* PROMPT *
Give the entries again exactly as they appear, but without the images.

* SUPPLIED RECORDS *
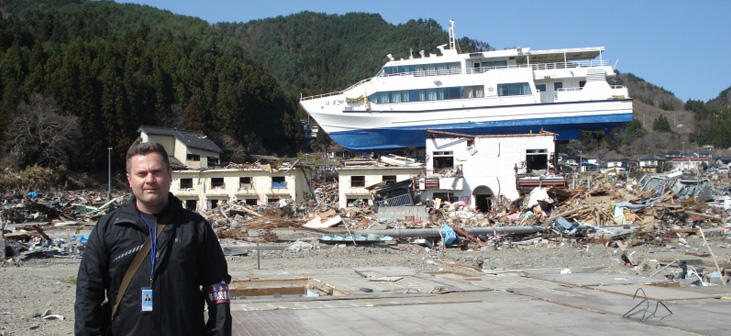 Professor Ioan Nistor stands near a ship destroyed by a tsunami in Japan 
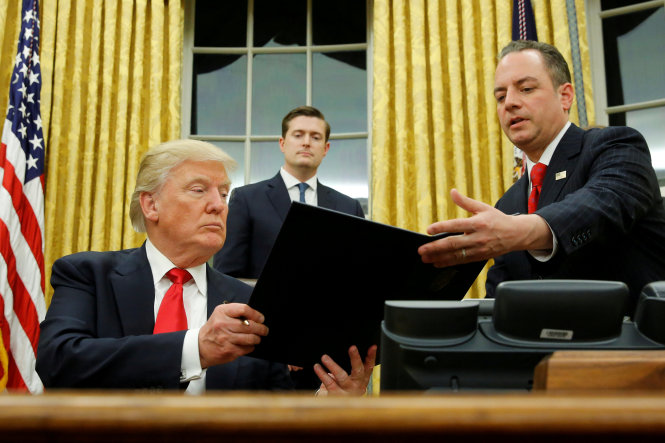 Ông Trump trao cho ông Priebus sắc lệnh hành pháp chỉ đạo các cơ quan chính phủ giảm bớt gánh nặng của chính sách Obamacare tại phòng Bầu dục, Nhà Trắng ngày 20-1 (ảnh tư liệu) - Ảnh: Reuters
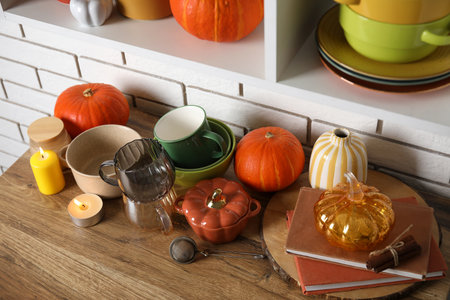 Dishware with pumpkins, books and burning candles on counter near white brick wallの写真素材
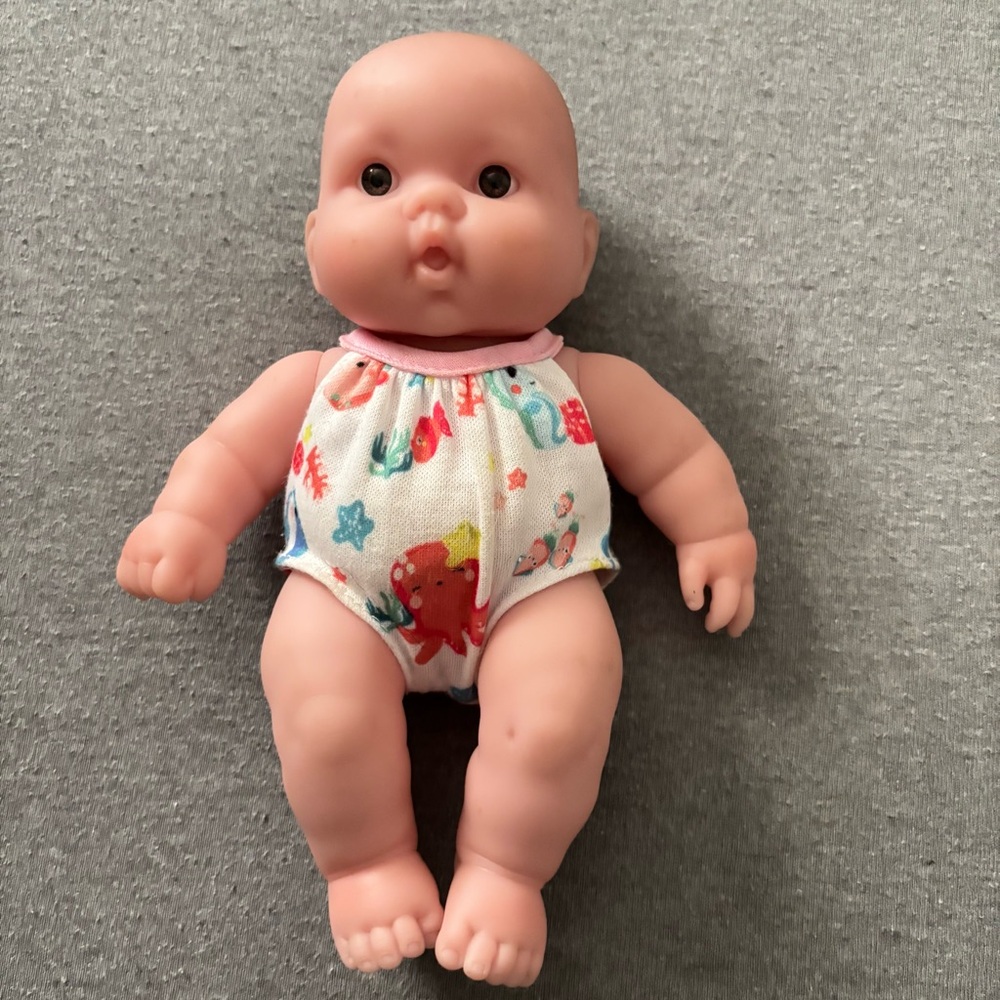 Adorable Baby Doll with Colorful Outfit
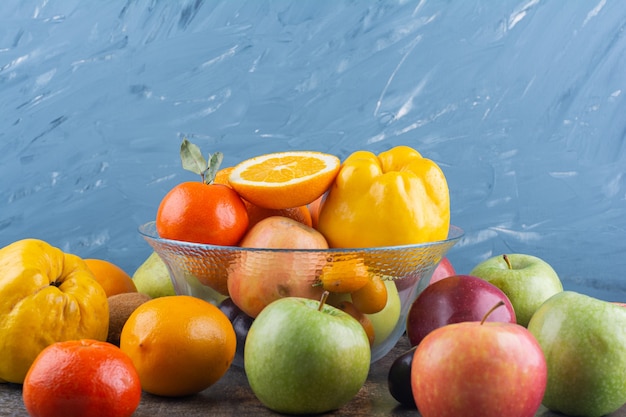 Glass plate of fresh fruits on top of many fruits.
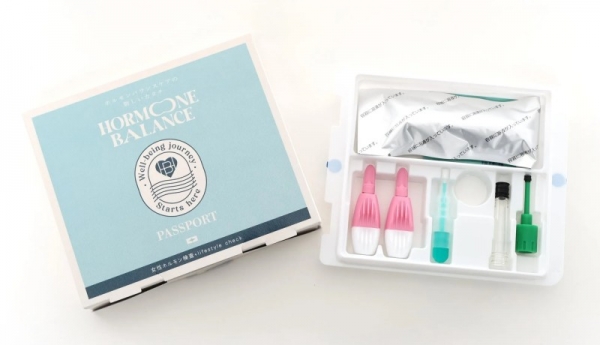 ホルモンバランスケア製品のパッケージが写っています。パッケージには「HORMONE BALANCE」の文字とロゴ、そして検査キットが入ったプラスチックケースが写っています。
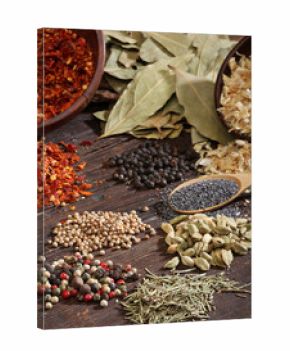 Different spices over a dark wood. Selective focus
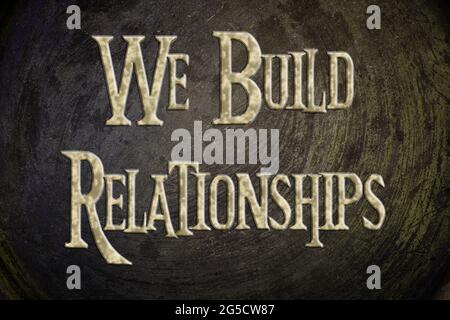 We Build Relationships Concept text on background Stock Photo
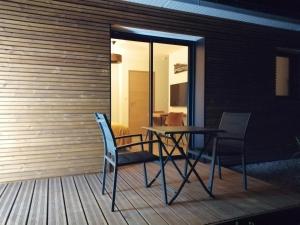 a table and two chairs on a deck at Le Domaine de Pivette in Avranches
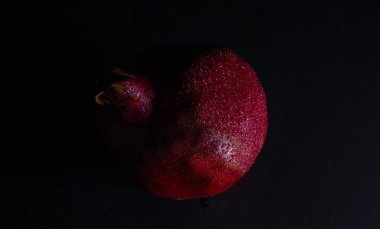 Siyah zemin üzerinde su damlaları olan nar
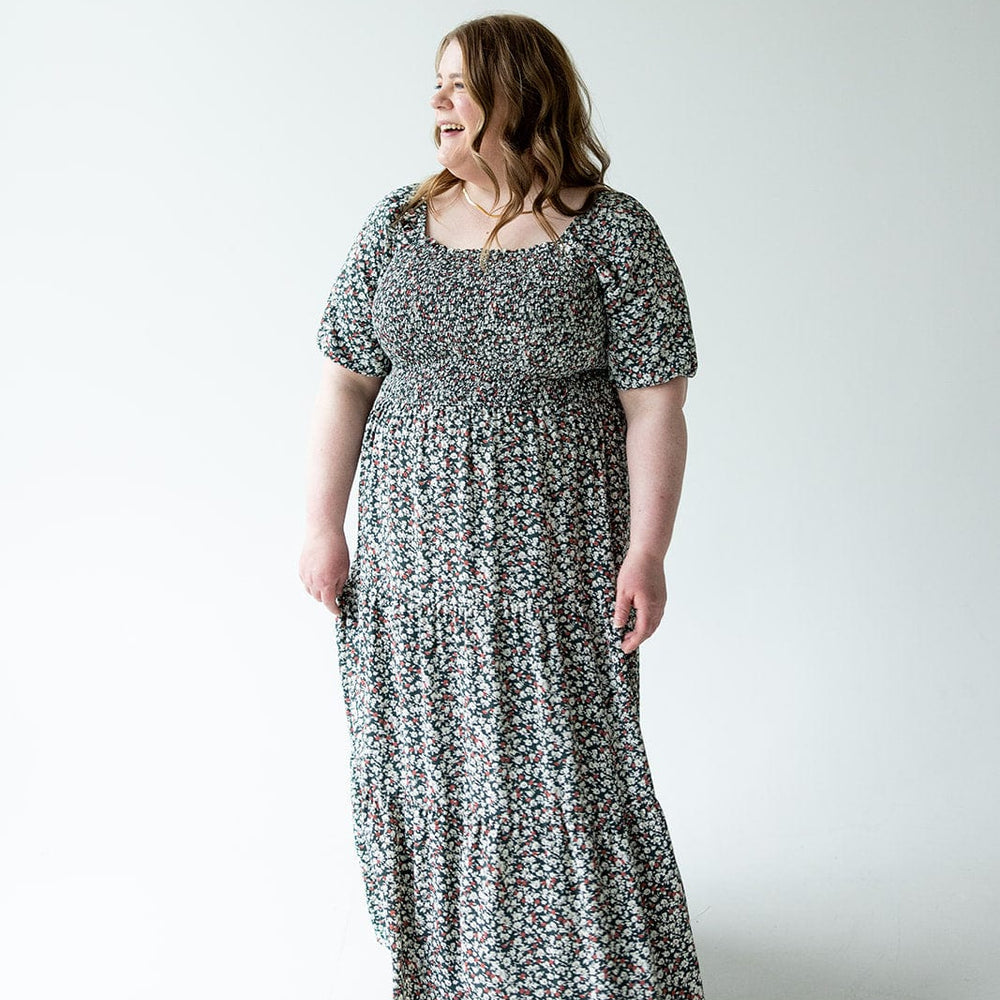 A person wearing a floral-patterned dress with bubble sleeves stands on a light background, looking to the side and smiling.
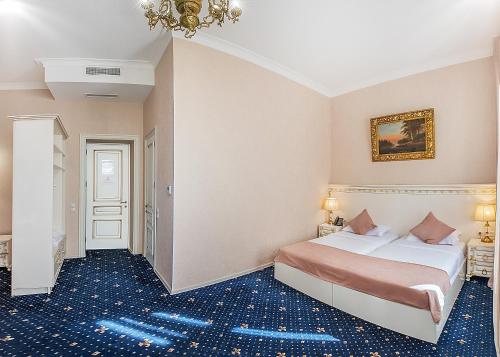 a hotel room with a bed and a corridor at Vintage Hotel in Tbilisi City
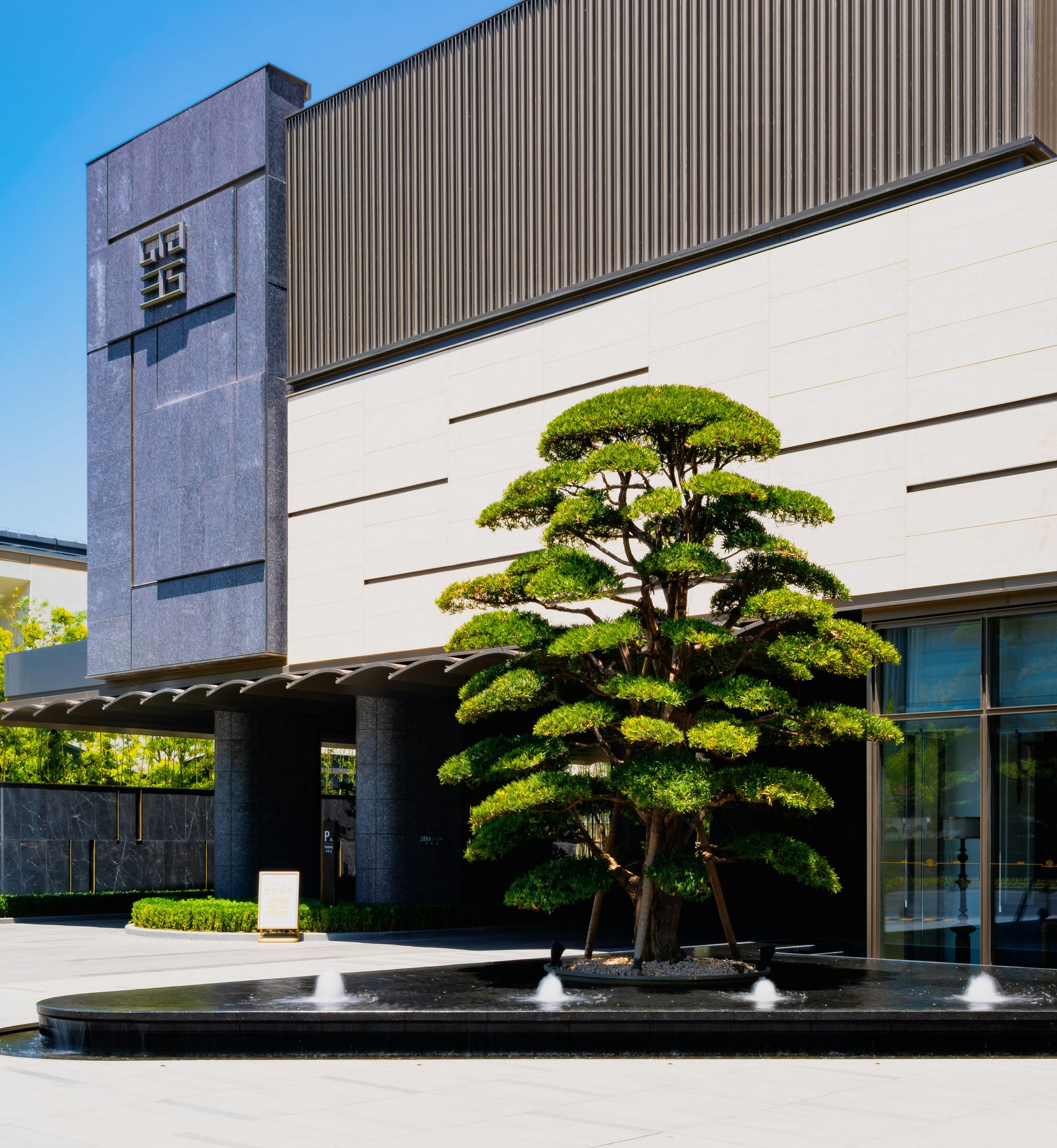 Modern building entrance with a sculpted tree and fountain.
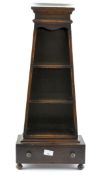 An unusual wooden ammunition holder/tiered unit of graduating form,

* ANSWER TO THIS TASK *
 Professor Ioan Nistor stands near a ship destroyed by a tsunami in Japan 
 Ông Trump trao cho ông Priebus sắc lệnh hành pháp chỉ đạo các cơ quan chính phủ giảm bớt gánh nặng của chính sách Obamacare tại phòng Bầu dục, Nhà Trắng ngày 20-1 (ảnh tư liệu) - Ảnh: Reuters
 Dishware with pumpkins, books and burning candles on counter near white brick wallの写真素材
 Adorable Baby Doll with Colorful Outfit
 Glass plate of fresh fruits on top of many fruits.
 ホルモンバランスケア製品のパッケージが写っています。パッケージには「HORMONE BALANCE」の文字とロゴ、そして検査キットが入ったプラスチックケースが写っています。
 Different spices over a dark wood. Selective focus
 We Build Relationships Concept text on background Stock Photo
 a table and two chairs on a deck at Le Domaine de Pivette in Avranches
 Siyah zemin üzerinde su damlaları olan nar
 A person wearing a floral-patterned dress with bubble sleeves stands on a light background, looking to the side and smiling.
 a hotel room with a bed and a corridor at Vintage Hotel in Tbilisi City
 Modern building entrance with a sculpted tree and fountain.
 An unusual wooden ammunition holder/tiered unit of graduating form,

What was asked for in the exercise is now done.